Most seasons, Ohio State would be clearly on the outside of the NCAA tournament picture looking in.
Not in 2019.
The Buckeyes have a 6-11 record in the calendar year of 2019 and have lost back-to-back games by 35 points to Purdue and by 18 points to Northwestern. Still, they find themselves squarely in the mix of teams competing for an at-large bid into the Big Dance, even though what happened versus the Wildcats diminished their odds.
Entering Wednesday, all but one of the brackets aggregated by Bracket Matrix had Ohio State in the field of 68. With just two regular-season games and the Big Ten tournament remaining, the team's chances of making the NCAA tournament looked relatively promising. The Buckeyes endured a five-game losing streak in January and haven't looked particularly dangerous recently, but their 12-1 start to the season and nearly .500 play in the conference boosted the tournament chances.
Then came the 68-50 loss to the Wildcats on Wednesday.
Losses happen. Many are explainable. Even the 86-51 blowout defeat against Purdue in West Lafayette, Indiana, had simple reasoning: the Boilermakers seemingly couldn't miss any shots, and the Buckeyes were playing their first game without Kaleb Wesson, serving an indefinite suspension for violating athletic department policy.
Ohio State doesn't have any reasonable justification for what happened in Evanston, Illinois, against Northwestern, which had lost 10 games in a row. NCAA tournament-worthy teams typically don't lose to the worst team in their respective conference just one week from the conference tournament beginning.
But that's exactly what happened on Wednesday.
The Buckeyes didn't make a field goal for over eight minutes to begin the game and entered halftime with just four made shots from the field. A second-half rally fell short by five points when Northwestern responded with a 10-0 run to take a 15-point lead with six minutes remaining.
"We took some bad shots," Chris Holtmann said. "At the same time, we missed some open ones."
Andre Wesson, Luther Muhammad and Jaedon LeDee combined to miss all 16 of their shots. Ohio State hit only 17-of-64 shots and just four-of-26 3-pointers.
The Buckeyes had just nine turnovers, but they helped lead to Northwestern accumulating 15 fast-break points. Without Kaleb Wesson for the second game in a row, they had nowhere to turn on offense.

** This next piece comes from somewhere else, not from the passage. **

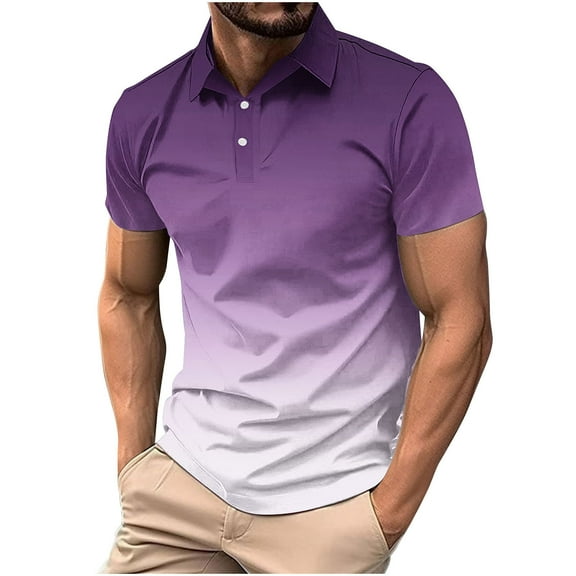 Men's Gradient Polo Shirt Turndown Collar Short Sleeve Slim Fit Casual Fashion Top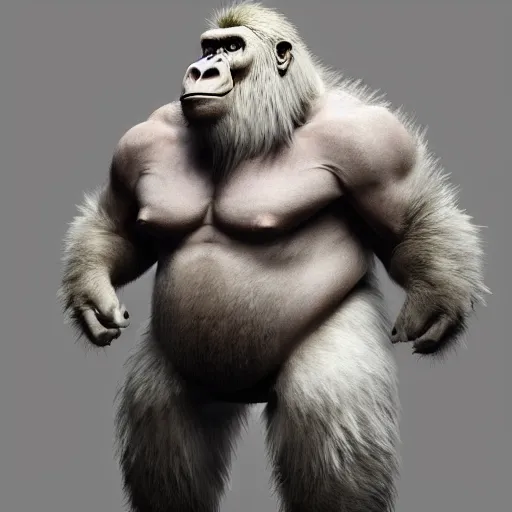 Image similar to extremely scary angry old tough rough looking albino gorilla. scars, scary, gruffness, interesting 3 d character concept by square enix, in the style of league of legends, hyper detailed, character modeling, cinematic, final fantasy, character concept, ray tracing, fur details, maya, c 4 d, artstation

"Their size presented some problems for us," Holtmann said. "We tried to play inside-out. That didn't really work. I thought our turnovers really hurt us. It fueled some of their offensive plays there in transition. I thought that was what I was most disappointed about."
The 18-point defeat to the team that had locked up the 14th seed in the Big Ten tournament came at quite the inopportune time.
Ohio State is now 18-12 with an 8-11 record in the Big Ten with one more regular-season game remaining, a matchup with No. 21 Wisconsin on Sunday at home.
Holtmann hasn't given any indication of whether he anticipates Wesson returning, so it's fair to assume he likely won't play versus the Badgers, increasing the possibility of a three-game losing streak to end the regular season. Even with the bubble about as bad in totality as it can be, a loss leading to an 18-13 overall record and an 8-12 conference record to end the regular season would likely put the Buckeyes on the outside of the tournament picture, necessitating a win or two in the Big Ten tournament.
For months, Ohio State has remained in projected brackets despite not looking like a tournament-level team on the court, and that appears to be catching up with it.
Injuries and Wesson's suspension have hit hard, too. Dererk Pardon, Northwestern's starting center, scored 18 of his 20 points in the second half of Wednesday's game, taking advantage of a frontcourt bereft of depth.
Not only was Kaleb Wesson missing, but Andre Wesson battled through foul trouble and Kyle Young toughed out a pair of injuries to play 26 minutes. Holtmann said Young suffered a sprained ankle on either Monday or Tuesday, adding to the stress fracture in his right leg that held him out of four games a couple months ago and continues to keep him out of the majority of practices. C.J. Jackson also didn't start and is hurt, too, according to the Columbus Dispatch.
Despite the injuries and Wesson's suspension, Ohio State desperately needs a win to remain in the NCAA tournament picture. How it plans to pull that off with Young and Jackson hobbled and Kaleb Wesson likely out is anyone's guess.
But in order for the Buckeyes to make the NCAA tournament, they can't afford to remain in the losing column.